• _Source material_
--

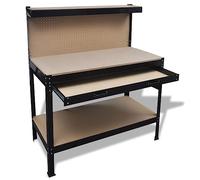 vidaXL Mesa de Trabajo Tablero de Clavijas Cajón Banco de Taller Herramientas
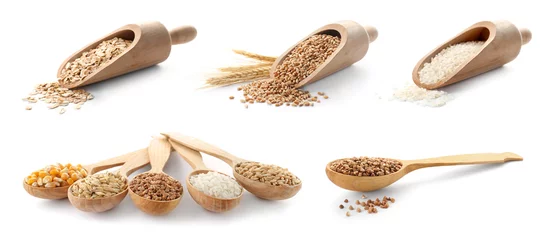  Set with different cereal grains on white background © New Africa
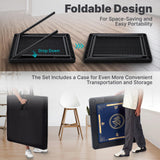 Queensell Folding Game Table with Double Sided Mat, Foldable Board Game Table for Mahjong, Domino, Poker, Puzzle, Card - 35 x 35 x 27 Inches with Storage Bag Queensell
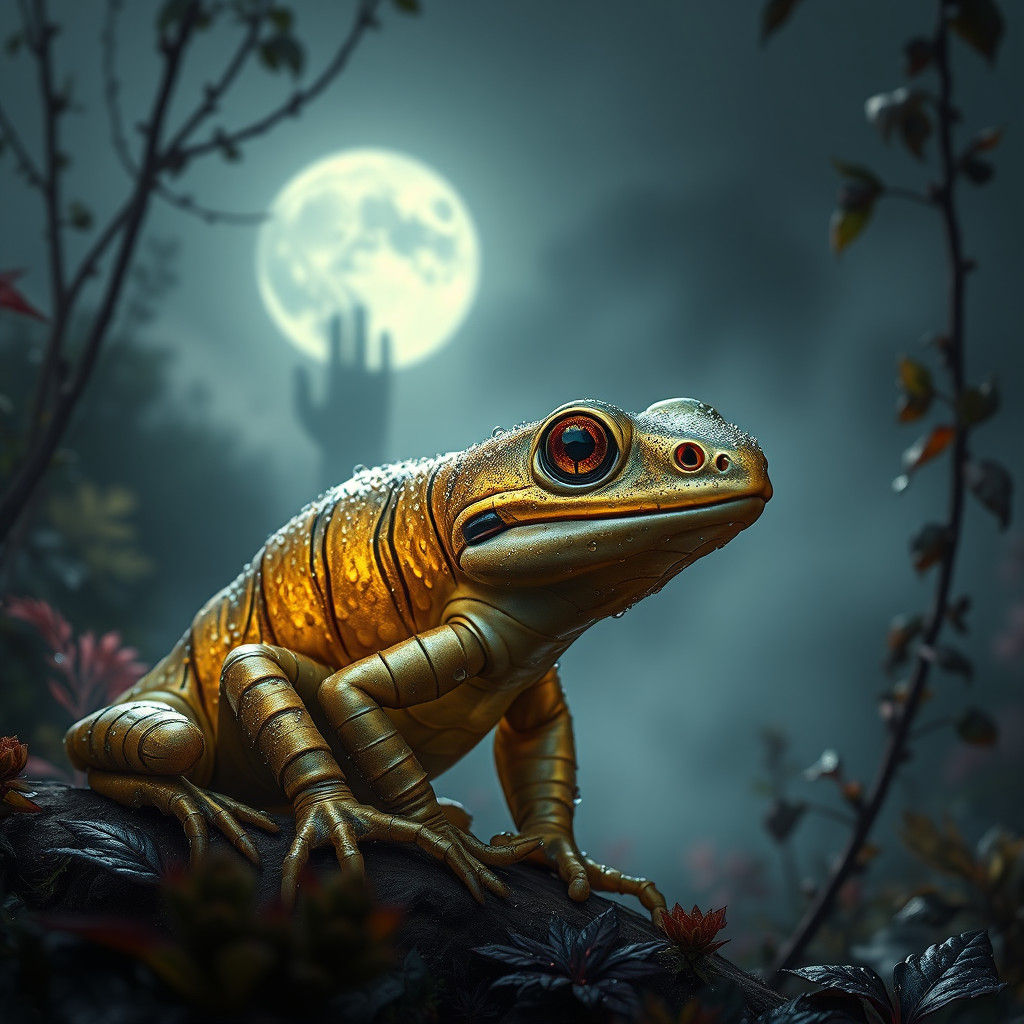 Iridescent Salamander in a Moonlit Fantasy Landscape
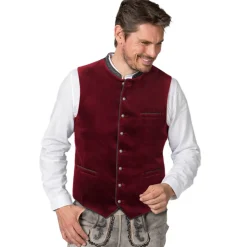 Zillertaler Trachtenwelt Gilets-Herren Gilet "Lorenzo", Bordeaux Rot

--

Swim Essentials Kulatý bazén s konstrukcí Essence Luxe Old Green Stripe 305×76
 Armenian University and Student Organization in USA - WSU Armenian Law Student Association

--

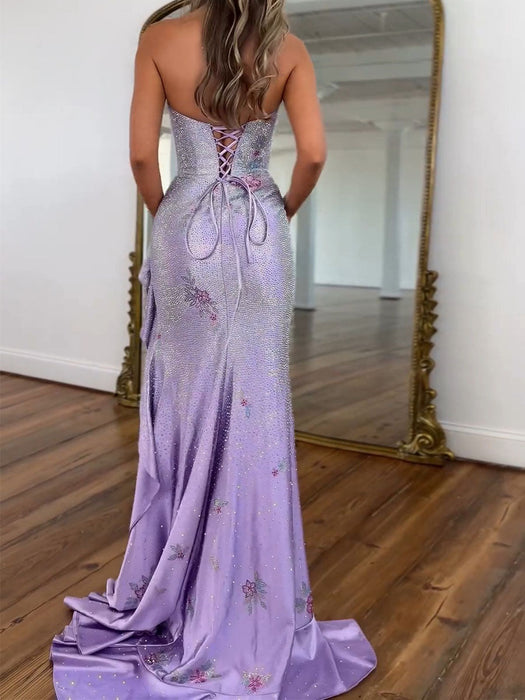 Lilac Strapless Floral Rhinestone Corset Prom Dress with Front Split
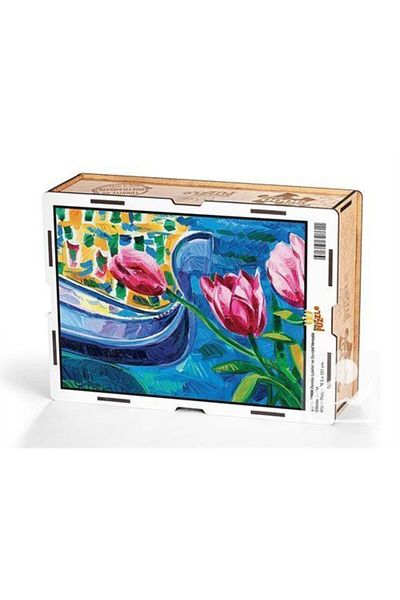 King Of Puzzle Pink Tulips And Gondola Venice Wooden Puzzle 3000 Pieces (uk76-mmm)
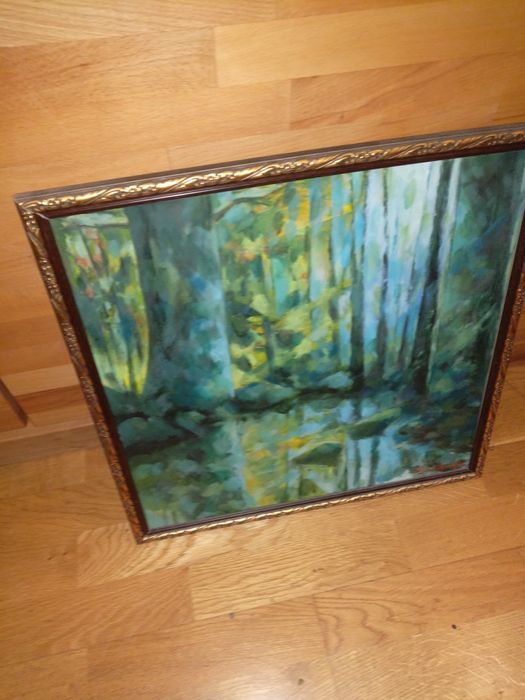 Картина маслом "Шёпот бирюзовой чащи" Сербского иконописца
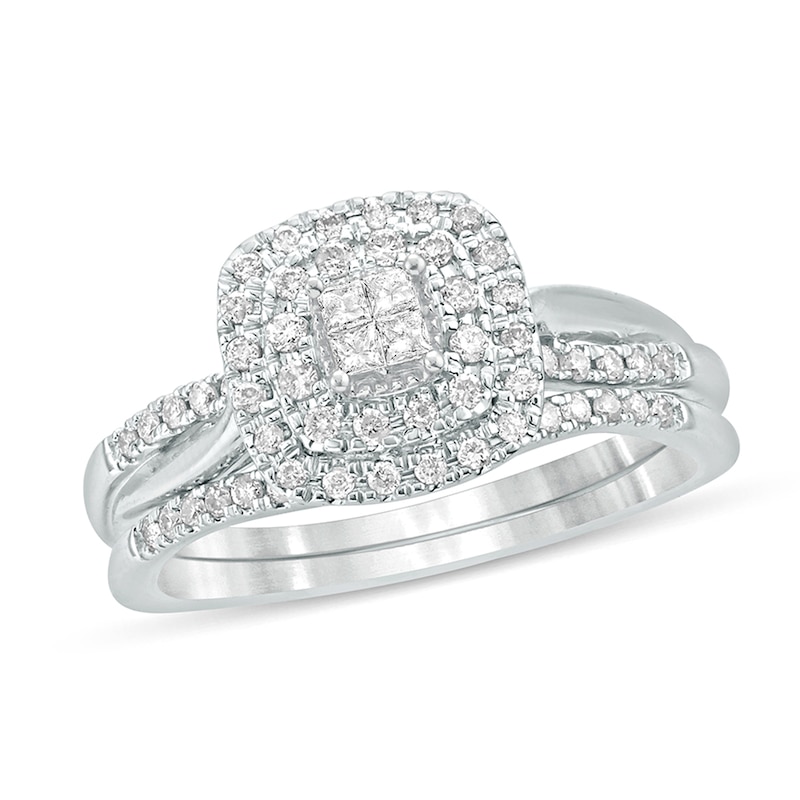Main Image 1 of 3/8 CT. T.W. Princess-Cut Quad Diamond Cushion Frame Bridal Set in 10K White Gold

--

Skip every picture, and restate word for word only the lines above from the line containing "vidaXL Mesa de" to the line containing "Zillertaler Trachtenwelt Gilets-Herren", both of them included.

• _Solution for this problem_
 vidaXL Mesa de Trabajo Tablero de Clavijas Cajón Banco de Taller Herramientas
  Set with different cereal grains on white background © New Africa
 Queensell Folding Game Table with Double Sided Mat, Foldable Board Game Table for Mahjong, Domino, Poker, Puzzle, Card - 35 x 35 x 27 Inches with Storage Bag Queensell
 Iridescent Salamander in a Moonlit Fantasy Landscape
 Zillertaler Trachtenwelt Gilets-Herren Gilet "Lorenzo", Bordeaux Rot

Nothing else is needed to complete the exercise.